WHAT THE TASK REQUIRES: Transcribe the entries below word for word, beginning at the line with "Sample of Egyptian mau" and stopping after the line with "Porc de carne - imagine 4"; drop all pictures.

EXTRACTED MATERIAL:
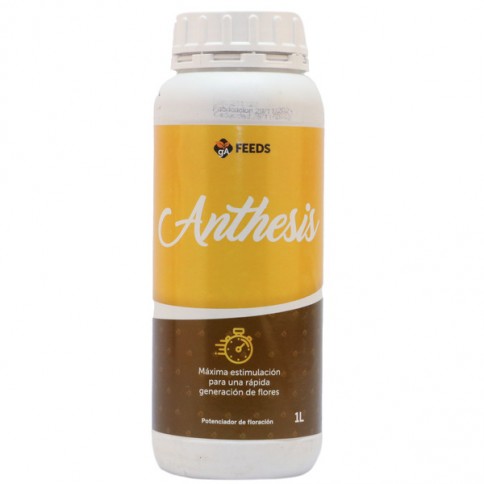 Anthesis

--

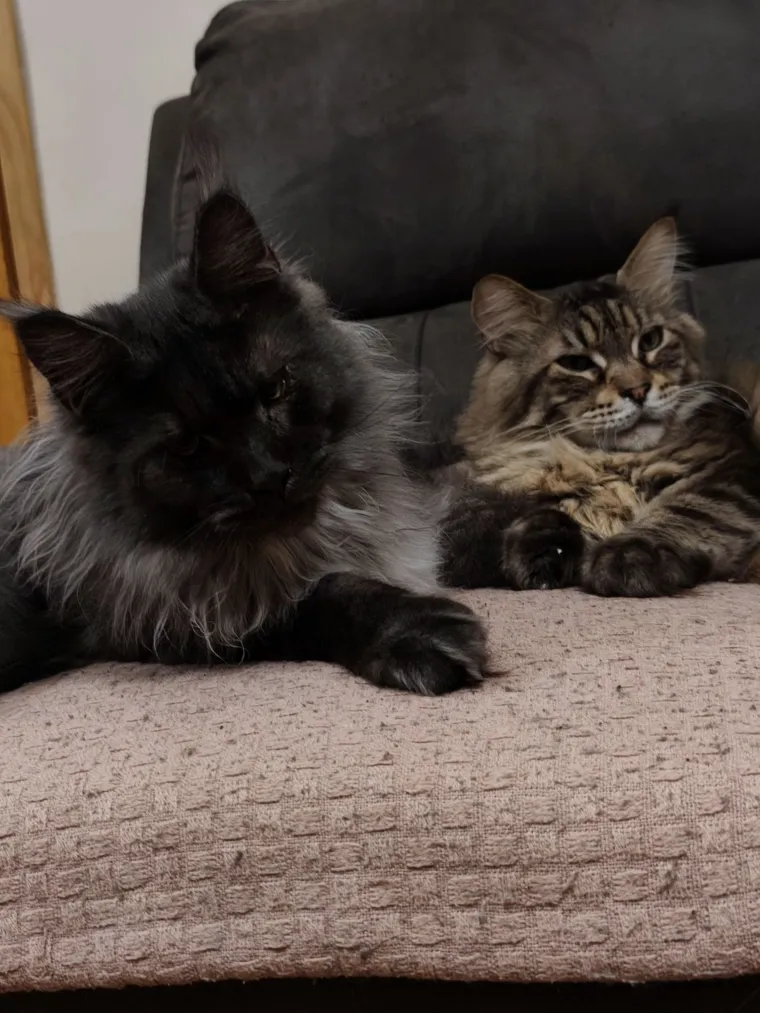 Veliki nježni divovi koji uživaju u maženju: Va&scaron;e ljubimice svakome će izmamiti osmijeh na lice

---

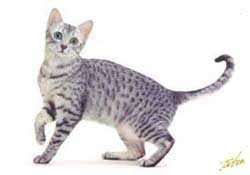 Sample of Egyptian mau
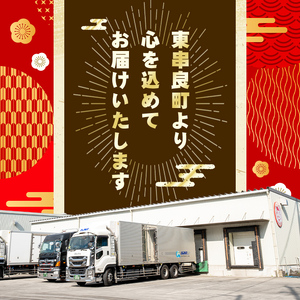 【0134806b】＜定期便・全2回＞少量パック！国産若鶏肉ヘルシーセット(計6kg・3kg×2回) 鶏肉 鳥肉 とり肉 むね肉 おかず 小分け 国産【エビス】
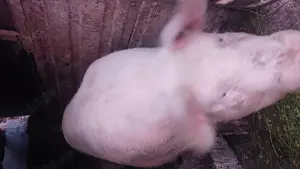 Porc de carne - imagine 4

OUTPUT:
 Sample of Egyptian mau
 【0134806b】＜定期便・全2回＞少量パック！国産若鶏肉ヘルシーセット(計6kg・3kg×2回) 鶏肉 鳥肉 とり肉 むね肉 おかず 小分け 国産【エビス】
 Porc de carne - imagine 4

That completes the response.